Would puffers do good in a 10 gal fw ? The answer is probably not but I am hopeful! I was thinking maybe a few of those. Any feedback is appreciated.


----------



## dirtydutch4x (Jun 16, 2009)

Most of the puffers sold in lfs's are sold as freshwater but as they grow require brackish water and you could put one in a 10 but more than that you are pushing it. they need hiding if you put 2 in and are aggressive so dont mix with other fish. thats basic rules which I dont follow, I go by live and learn. Try this link, it gives some info. Puffer Fish


----------



## susankat (Nov 15, 2008)

If you can get dwarf puffers, aka pea puffers you can put 2 in a 10 gal tank. And they don't require brackish water as adults.


----------



## dirtydutch4x (Jun 16, 2009)

I was gonna mention them but not many lfs's stock them, I would love to find some for my self but I like to see my fish and pick them rather than order.


----------



## susankat (Nov 15, 2008)

If you have a good lfs they should order them for you.


----------



## jeffro0050 (Apr 4, 2010)

I had puffers a few years back. Not a particularly hardy fish and they need to have a varied diet. I was a novice at the time, so they didn't have a very good mortality rate.


----------



## logansmomma1228 (May 2, 2010)

Yeah I really want to get them but maybe I should wait since I am a beginner. Thanks guys


----------



## jeffro0050 (Apr 4, 2010)

logansmomma1228 said:


> Yeah I really want to get them but maybe I should wait since I am a beginner. Thanks guys


Good choice. One question, are you considering live plants? because if you are, I recommend a School of 6 or 7 harlequin rasbora as a first fish. They are tough and I find them to be very interesting compared to the usual tetras that most beginners start with. Also VERY non-aggressive unless they are spawning, and the height of their aggression is chasing females to get them to spawn 

They are very interested in people viewing the tank and their spawning behavior is very fun to watch. Sadly, they aren't happy in a non planted tank.
I posted a thread in this forum about their spawning behavior and sex identification. Definitely give this species a try if you are uncertain. Very active and playful tankmates.

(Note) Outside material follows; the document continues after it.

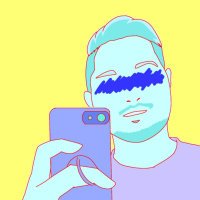 𝘾𝙝𝙖𝙢 (@cham_e_leon) 's Twitter Profile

They are also inquisitive about new species acquisitions. Its fun to watch them hover over new "strange" species and try and snap up food that they leave behind.


----------



## logansmomma1228 (May 2, 2010)

Well I will check them out! I have some planned already which is included in my siggy now, but I will definitely do some research on these and see if i want to go with them instead. thanks


----------



## James0816 (Jun 19, 2009)

I may have gotten lucky my little guys. Never had an issue with them as far as care. I didn't find them hard to keep.

But yes...no more than (2) in a 10g. Lots of plants preferrably.

As small as they are..no tank mates. Their size is deceiving. Can be a mean little joker.

And here's the best part about them....pond snails! Num yummy! ;o)


----------